Task details:
Exact copy, no pictures: return only the lines below from the line with "Golden Retriever For Retirement Card" up to and including the line with "Cosmic Grizzly Bear".

Data for analysis:
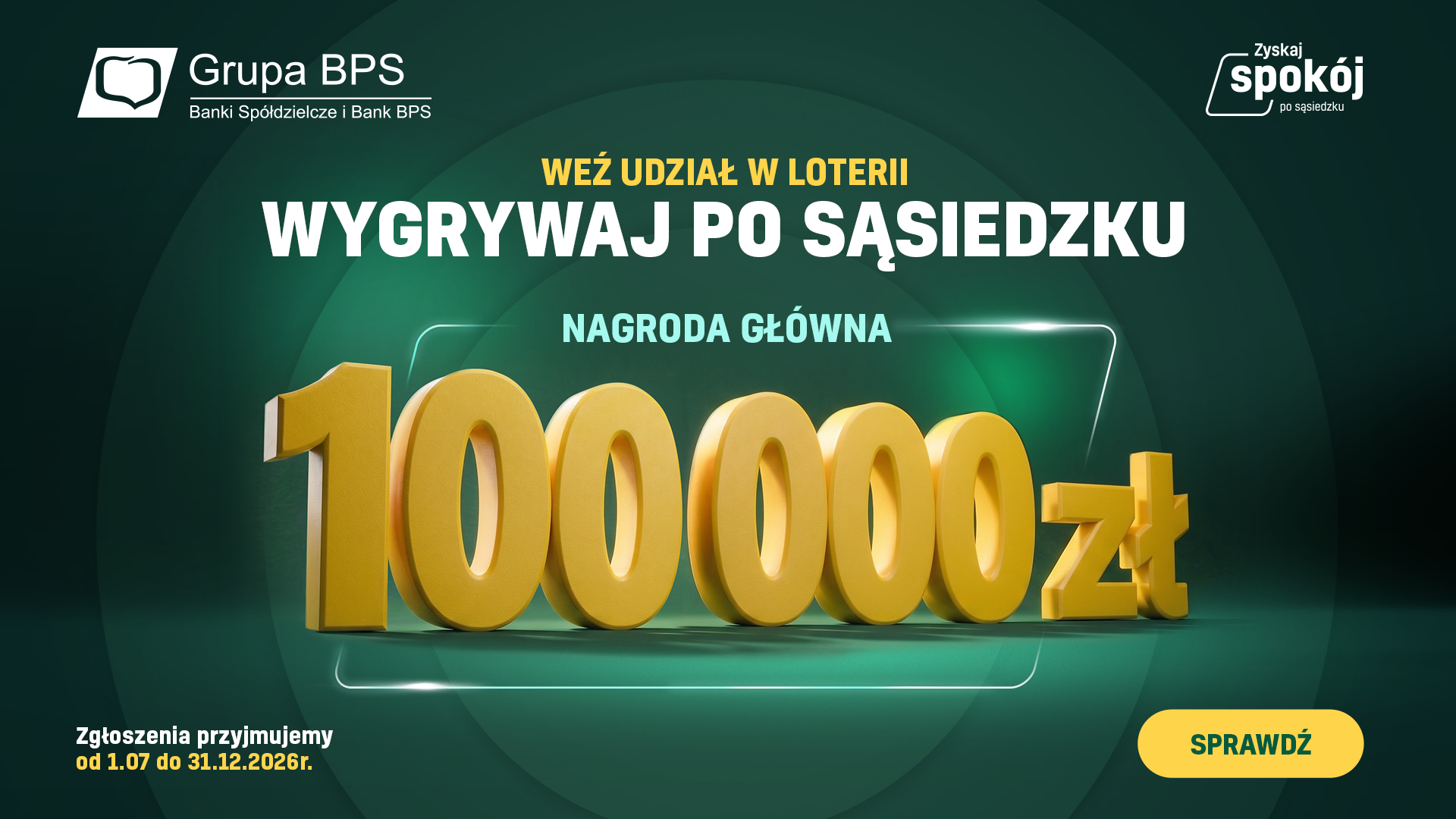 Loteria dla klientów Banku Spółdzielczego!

...

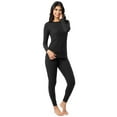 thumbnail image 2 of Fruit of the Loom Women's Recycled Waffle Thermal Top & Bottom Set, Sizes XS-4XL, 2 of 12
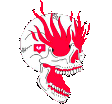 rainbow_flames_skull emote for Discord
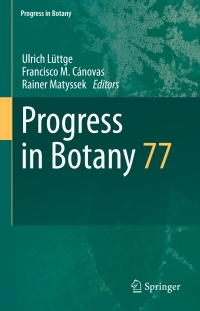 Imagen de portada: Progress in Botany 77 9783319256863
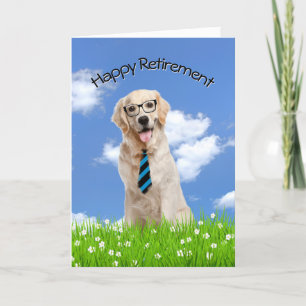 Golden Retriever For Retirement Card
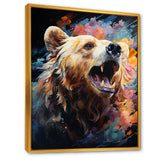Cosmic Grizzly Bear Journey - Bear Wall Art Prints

Task solution:
 Golden Retriever For Retirement Card
Cosmic Grizzly Bear Journey - Bear Wall Art Prints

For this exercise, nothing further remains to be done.